Without a major trophy since 1968 Fairs Cup, The Magpies are yearning for some silverware, among Newcastle's main aims according to Llambias, despite the club hoping to compete with the division's high flyers.
"We always said we had a five-year plan," he added. "We feel this season may have put us back a little bit, but I think we've now worked our way through that. I would say we are a couple of years away from absolutely having a really, really strong squad with the depth we need.
"A trophy for (manager) Alan (Pardew) would be just incredible. The FA Cup is his dream for this club. For us a trophy would be a dream. Mike and I would love a trophy, for sure we would. We'd also love to challenge those big boys though.
"When you look at last season it was exciting for us sitting there and thinking, 'If we'd won that game we'd be third and if we won that game we'd be fourth and then thinking how it would feel if we'd have been pushed out of that Champions League place by Chelsea'.

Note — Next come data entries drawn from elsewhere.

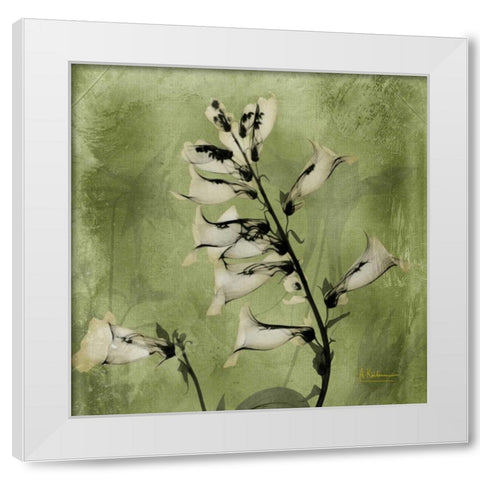 Golden Fox Glove White Modern Wood Framed Art Print by Koetsier, Albert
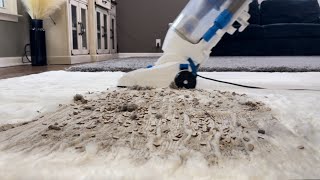 Vacmaster Bagless Upright Vacuum  White Rug  Mess Test [upl. by Edie]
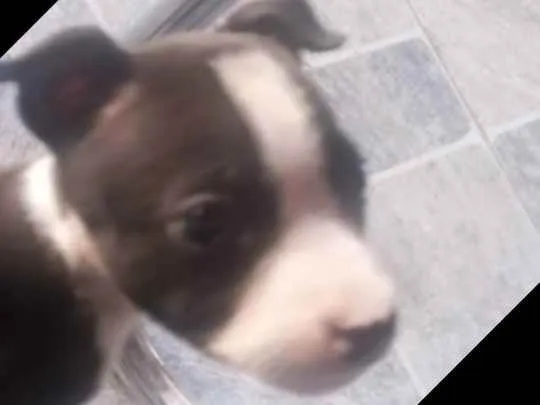 Cachorro ra a Pit bull idade 2 a 6 meses nome Fiona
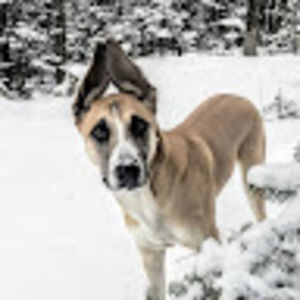 Meet your Posher, Fannie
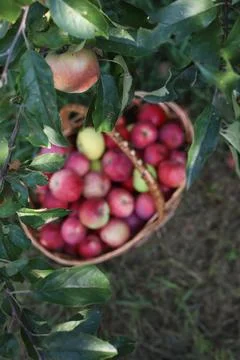 Red apples Stock Photos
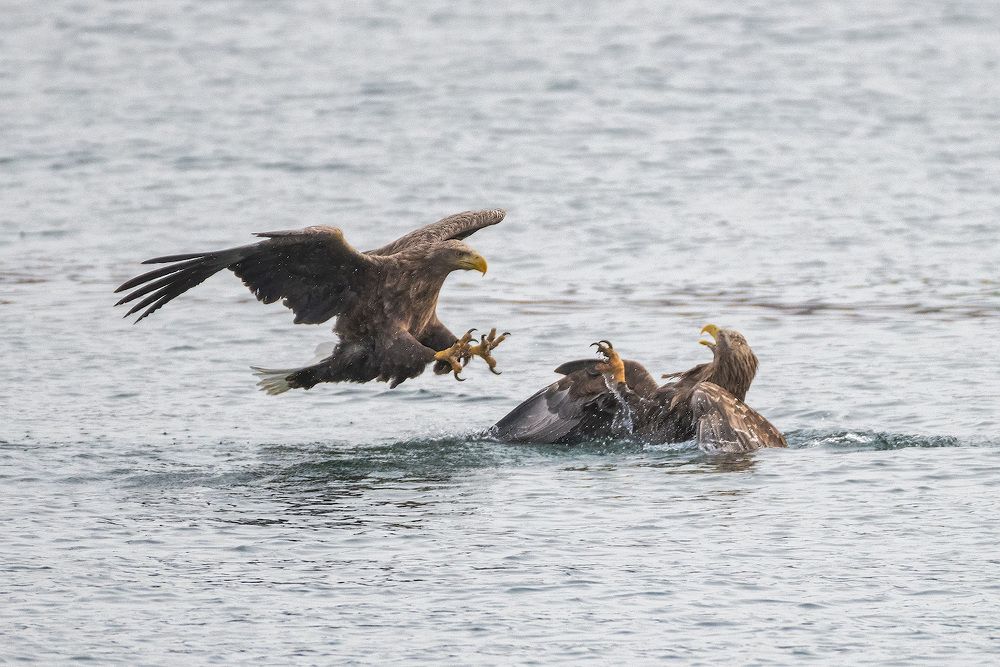 Photograph by Иван Боровков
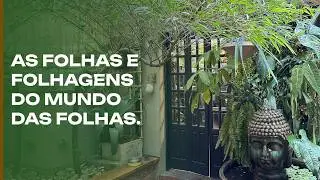Folhas e Folhagens: Mundo das Folhas, uma loja especial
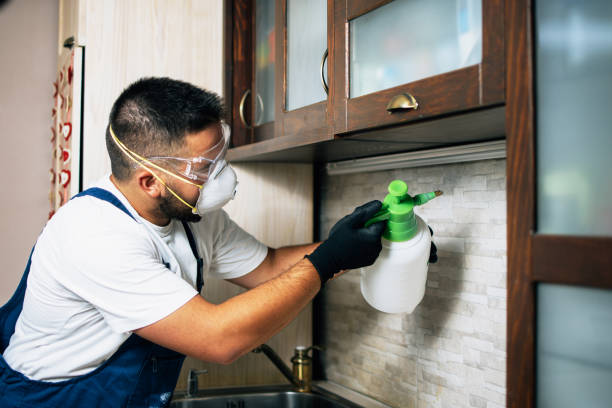 Best Pest Prevention Services  in Laurel Hollow, NY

"We are building. Can I say we'll be challenging the top four in two or three years? I can't say that because football's a strange sort of world and plenty of things can happen. Top clubs fall down, they might not be investing as much or somebody else might do something which transforms a club's fortunes. I would hope in two years' time we'll have an even more exciting squad."
After another transfer window dominated by players coming in from France, the club's reputation for signing players from across the English channel and therefore rejecting those on home shores has swelled.
Llambias says such is the price of British players, the club are happy to delve into the French market.
"At the end of the day it is a market which excites us," he said. "We have to explore other markets, though, which we do. We are still going to other markets.
"We keep an eye on the UK market too. British players are very expensive, which is a factor for us."